---------- Working data ----------

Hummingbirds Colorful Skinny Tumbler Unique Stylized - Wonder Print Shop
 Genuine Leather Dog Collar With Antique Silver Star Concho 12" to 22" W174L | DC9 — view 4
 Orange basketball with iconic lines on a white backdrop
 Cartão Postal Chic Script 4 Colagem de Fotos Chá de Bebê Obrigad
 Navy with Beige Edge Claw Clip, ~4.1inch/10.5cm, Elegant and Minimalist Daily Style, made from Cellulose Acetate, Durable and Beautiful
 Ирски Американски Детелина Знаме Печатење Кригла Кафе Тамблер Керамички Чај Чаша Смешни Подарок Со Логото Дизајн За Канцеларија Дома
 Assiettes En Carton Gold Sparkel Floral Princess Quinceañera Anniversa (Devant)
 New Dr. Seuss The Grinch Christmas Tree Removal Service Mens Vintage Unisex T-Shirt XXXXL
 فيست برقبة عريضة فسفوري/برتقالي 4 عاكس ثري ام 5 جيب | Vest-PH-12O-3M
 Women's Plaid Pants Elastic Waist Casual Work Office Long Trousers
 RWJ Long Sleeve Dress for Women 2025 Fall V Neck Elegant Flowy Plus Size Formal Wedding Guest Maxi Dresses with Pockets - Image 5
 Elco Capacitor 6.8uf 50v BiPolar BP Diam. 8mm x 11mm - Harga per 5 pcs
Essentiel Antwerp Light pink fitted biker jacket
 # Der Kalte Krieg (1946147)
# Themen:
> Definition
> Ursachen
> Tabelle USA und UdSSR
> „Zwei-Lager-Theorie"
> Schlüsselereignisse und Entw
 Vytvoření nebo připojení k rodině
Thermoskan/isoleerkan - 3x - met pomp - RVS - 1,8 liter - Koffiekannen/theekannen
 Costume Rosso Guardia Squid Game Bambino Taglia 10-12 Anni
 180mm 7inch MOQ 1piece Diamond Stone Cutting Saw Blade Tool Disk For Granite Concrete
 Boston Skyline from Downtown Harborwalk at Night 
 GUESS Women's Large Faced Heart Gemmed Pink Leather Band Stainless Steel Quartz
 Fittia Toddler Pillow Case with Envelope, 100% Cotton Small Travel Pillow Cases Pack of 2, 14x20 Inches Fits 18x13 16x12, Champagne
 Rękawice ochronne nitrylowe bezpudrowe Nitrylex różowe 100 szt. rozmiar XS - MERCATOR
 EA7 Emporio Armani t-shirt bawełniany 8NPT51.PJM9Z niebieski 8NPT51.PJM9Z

----------

> What is needed: Copy the lines above exactly, from the very first through the one containing "Orange basketball with", and include no other line.

> Result of this exercise:
Hummingbirds Colorful Skinny Tumbler Unique Stylized - Wonder Print Shop
 Genuine Leather Dog Collar With Antique Silver Star Concho 12" to 22" W174L | DC9 — view 4
 Orange basketball with iconic lines on a white backdrop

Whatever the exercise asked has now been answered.